■ **WHAT YOU SHOULD DO**:
Below are some records. Return exactly the lines from the one with "adidas Green Hyperglam" to the one with "32-year-old Alabama woman", and nothing else.

── RECORDS SUPPLIED ──

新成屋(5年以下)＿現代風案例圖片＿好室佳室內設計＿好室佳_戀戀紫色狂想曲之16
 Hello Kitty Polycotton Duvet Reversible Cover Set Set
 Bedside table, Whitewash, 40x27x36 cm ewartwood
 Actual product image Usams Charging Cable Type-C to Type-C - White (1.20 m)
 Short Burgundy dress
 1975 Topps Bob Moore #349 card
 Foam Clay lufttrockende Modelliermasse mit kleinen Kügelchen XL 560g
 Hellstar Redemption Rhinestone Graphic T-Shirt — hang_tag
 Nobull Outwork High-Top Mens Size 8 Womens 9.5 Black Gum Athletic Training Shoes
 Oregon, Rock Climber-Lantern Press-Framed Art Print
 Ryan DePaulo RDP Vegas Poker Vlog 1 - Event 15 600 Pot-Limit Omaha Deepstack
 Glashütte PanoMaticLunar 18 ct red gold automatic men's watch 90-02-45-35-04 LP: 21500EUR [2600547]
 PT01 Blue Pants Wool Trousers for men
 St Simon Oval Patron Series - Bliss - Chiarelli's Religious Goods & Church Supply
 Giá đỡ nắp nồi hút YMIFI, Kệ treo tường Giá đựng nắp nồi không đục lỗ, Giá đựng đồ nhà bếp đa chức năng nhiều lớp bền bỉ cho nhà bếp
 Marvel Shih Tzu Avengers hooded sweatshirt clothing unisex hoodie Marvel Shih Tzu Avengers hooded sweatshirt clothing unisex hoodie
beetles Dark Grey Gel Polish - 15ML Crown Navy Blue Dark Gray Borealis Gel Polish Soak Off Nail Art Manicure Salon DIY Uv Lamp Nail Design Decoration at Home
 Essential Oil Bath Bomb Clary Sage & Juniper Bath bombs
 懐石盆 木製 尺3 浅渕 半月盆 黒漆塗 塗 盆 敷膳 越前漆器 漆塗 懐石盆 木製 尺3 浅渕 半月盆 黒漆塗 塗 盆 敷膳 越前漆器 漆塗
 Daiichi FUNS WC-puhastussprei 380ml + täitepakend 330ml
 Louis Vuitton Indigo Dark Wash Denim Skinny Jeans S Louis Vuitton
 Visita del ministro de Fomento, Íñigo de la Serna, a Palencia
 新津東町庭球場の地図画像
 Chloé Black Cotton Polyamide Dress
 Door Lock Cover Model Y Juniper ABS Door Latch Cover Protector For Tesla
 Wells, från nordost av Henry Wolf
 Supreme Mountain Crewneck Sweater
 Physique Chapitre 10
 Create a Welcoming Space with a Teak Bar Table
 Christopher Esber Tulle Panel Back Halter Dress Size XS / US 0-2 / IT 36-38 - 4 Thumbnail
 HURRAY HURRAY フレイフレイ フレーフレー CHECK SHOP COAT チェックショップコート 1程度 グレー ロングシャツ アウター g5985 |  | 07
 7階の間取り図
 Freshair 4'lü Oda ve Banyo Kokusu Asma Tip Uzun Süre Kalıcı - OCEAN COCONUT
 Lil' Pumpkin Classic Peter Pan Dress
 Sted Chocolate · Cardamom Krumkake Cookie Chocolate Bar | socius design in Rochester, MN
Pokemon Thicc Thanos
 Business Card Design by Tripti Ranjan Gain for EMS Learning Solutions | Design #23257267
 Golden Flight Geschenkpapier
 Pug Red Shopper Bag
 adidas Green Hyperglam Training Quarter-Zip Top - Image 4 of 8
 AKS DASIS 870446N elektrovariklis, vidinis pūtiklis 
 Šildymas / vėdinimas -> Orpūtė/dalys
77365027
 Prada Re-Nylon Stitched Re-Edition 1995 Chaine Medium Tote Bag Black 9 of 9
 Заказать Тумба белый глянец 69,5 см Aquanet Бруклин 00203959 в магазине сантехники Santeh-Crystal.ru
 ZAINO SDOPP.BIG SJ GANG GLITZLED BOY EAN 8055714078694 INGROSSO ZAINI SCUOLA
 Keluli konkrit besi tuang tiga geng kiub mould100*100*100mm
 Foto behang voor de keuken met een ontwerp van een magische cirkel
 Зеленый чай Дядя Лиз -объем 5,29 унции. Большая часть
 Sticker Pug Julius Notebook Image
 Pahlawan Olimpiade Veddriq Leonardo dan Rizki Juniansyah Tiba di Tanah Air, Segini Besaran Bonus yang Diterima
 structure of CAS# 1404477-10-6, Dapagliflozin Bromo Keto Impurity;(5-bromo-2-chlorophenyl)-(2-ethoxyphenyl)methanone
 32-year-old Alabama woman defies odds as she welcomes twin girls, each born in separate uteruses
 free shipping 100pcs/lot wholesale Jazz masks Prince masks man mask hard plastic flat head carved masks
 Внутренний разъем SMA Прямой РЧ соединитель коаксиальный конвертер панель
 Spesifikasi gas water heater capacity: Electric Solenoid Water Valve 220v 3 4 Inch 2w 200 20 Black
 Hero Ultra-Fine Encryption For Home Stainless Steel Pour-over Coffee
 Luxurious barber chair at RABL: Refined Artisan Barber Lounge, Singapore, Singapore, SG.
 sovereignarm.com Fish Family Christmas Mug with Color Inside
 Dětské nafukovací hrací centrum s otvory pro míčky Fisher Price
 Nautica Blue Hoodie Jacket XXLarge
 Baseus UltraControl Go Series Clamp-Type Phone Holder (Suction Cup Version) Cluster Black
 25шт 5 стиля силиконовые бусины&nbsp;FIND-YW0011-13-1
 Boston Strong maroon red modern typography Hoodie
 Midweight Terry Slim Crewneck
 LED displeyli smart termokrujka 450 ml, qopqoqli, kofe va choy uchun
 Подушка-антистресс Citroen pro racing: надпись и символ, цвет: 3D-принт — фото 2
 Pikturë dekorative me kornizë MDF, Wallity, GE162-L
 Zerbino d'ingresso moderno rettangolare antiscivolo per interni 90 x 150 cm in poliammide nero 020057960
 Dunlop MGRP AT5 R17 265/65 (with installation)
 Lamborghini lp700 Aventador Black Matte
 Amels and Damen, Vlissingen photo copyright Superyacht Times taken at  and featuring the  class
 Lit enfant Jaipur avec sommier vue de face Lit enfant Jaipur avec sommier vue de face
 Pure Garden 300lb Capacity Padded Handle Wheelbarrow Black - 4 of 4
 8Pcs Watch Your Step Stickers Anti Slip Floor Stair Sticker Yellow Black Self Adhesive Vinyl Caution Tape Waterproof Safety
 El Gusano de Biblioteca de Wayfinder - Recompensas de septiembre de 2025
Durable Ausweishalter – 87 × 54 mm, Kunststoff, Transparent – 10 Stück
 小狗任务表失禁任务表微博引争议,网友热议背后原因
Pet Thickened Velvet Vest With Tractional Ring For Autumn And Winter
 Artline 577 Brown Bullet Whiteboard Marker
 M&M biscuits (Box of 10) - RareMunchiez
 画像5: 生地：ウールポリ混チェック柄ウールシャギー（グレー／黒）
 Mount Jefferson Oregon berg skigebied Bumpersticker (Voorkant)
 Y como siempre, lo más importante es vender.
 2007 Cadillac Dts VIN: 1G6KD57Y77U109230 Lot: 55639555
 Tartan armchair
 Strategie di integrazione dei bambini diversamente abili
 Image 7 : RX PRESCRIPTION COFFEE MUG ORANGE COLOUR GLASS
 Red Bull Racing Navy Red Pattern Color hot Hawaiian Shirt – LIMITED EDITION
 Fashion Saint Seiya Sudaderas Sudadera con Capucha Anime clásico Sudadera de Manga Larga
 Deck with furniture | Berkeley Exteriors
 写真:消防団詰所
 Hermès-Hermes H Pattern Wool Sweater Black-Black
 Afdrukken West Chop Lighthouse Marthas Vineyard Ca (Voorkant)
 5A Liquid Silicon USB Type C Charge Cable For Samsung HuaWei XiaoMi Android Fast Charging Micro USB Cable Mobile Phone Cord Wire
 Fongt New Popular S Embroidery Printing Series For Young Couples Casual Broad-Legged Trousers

───

■ **ANSWER SPACE**:
 adidas Green Hyperglam Training Quarter-Zip Top - Image 4 of 8
 AKS DASIS 870446N elektrovariklis, vidinis pūtiklis 
 Šildymas / vėdinimas -> Orpūtė/dalys
77365027
 Prada Re-Nylon Stitched Re-Edition 1995 Chaine Medium Tote Bag Black 9 of 9
 Заказать Тумба белый глянец 69,5 см Aquanet Бруклин 00203959 в магазине сантехники Santeh-Crystal.ru
 ZAINO SDOPP.BIG SJ GANG GLITZLED BOY EAN 8055714078694 INGROSSO ZAINI SCUOLA
 Keluli konkrit besi tuang tiga geng kiub mould100*100*100mm
 Foto behang voor de keuken met een ontwerp van een magische cirkel
 Зеленый чай Дядя Лиз -объем 5,29 унции. Большая часть
 Sticker Pug Julius Notebook Image
 Pahlawan Olimpiade Veddriq Leonardo dan Rizki Juniansyah Tiba di Tanah Air, Segini Besaran Bonus yang Diterima
 structure of CAS# 1404477-10-6, Dapagliflozin Bromo Keto Impurity;(5-bromo-2-chlorophenyl)-(2-ethoxyphenyl)methanone
 32-year-old Alabama woman defies odds as she welcomes twin girls, each born in separate uteruses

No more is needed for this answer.